Well, isn’t it time that we taxpayers held the federal government to the same standards as the automakers? Where is Congress’ recovery plan? What is their plan for returning the federal government to a budget surplus? And if it’s reasonable for CEOs to take a dollar in pay while their companies return to profitability, isn’t it reasonable to expect all of our elected federal officials, including Obama, Biden and every senator and congressman to do the same? And shouldn’t we expect that every federal worker take cuts in pay and benefits until the budget is repaired?

Some Congressmen suggest to the automakers that they simply go into bankruptcy and let the court straighten out their mess for them. Well, there is no entity on earth more worthy of bankruptcy than the United States. Why don’t we simply declare bankruptcy and escape our national debt? Now I’m being facetious, of course. Bankruptcy isn’t an option for the federal government.

But let’s not have a double standard. If it’s good business practice to demand recovery plans, dollar salaries and wage cuts for workers from the auto industry, then it’s also good practice for taxpayers to demand the same of Congress!

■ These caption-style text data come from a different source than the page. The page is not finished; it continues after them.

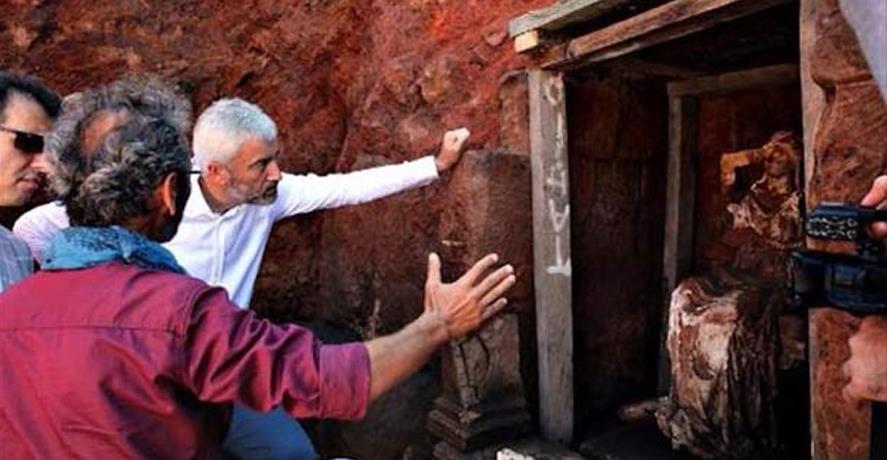 Descoperire arheologică rară „in situ” : O statuie de marmură veche de 2.100 de ani a zeiței Cybele a fost găsită într-un castel antic 956591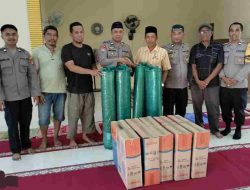 Wujud Kepedulian, Satgas Madago Raya Serahkan Bantuan ke TPA dan Masjid di Sigi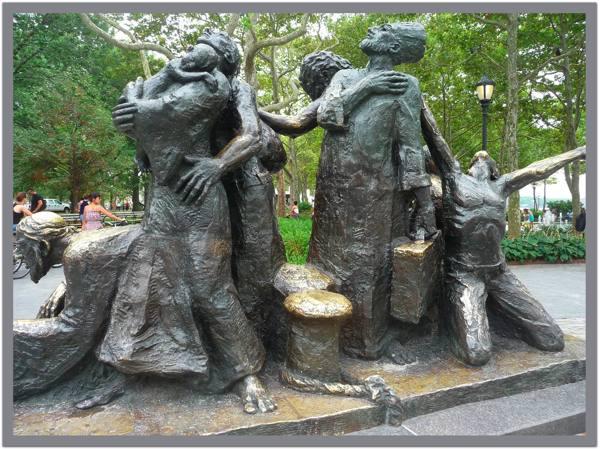 monument migrants Réalisme et dramatisation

I’m encouraging all of you to write your senators and congressmen and demand that they produce a recovery plan for the federal government – a plan to put the federal budget back in the black – and that they be willing to accept one dollar per year in pay until the plan is accomplished, and that they cut the pay of every federal worker. (You’ll see a link on the right hand side of this blog that will make it easy to find out how to contact your elected officials.) Send a link to this post to all of your friends and encourage them to do the same. Feel free to reproduce this post on your own blogs. I think that if we all got behind this idea we could have a big impact on restoring some fiscal responsibility to the federal government. They clearly won’t do it on their own.



One Less Globalization Cheerleader on the Federal Reserve Board

May 29, 2008
Federal Reserve Gov. Frederic Mishkin said Wednesday that he would resign from the central bank at the end of August to return to his Columbia University teaching post.

With Mishkin’s departure, the seven-member Fed board of governors could be pared down to four. The Democratic-controlled Senate for nearly a year has refused to vote on President Bush’s nominees to fill several open Fed slots. If the Senate delay continues, whoever is elected president in November will have a chance to quickly shape the policymaking arm of the central bank through new appointments.

The Senate is right to hold off on approving any more of Bush’s globalization cheerleaders. We need Fed governors who are willing to take the administration to task (whether it’s the Bush administration or the coming Obama administration) for continuing unsustainable trade deficits and federal budget deficits. It’s time for a return to common sense management of this nation’s finances.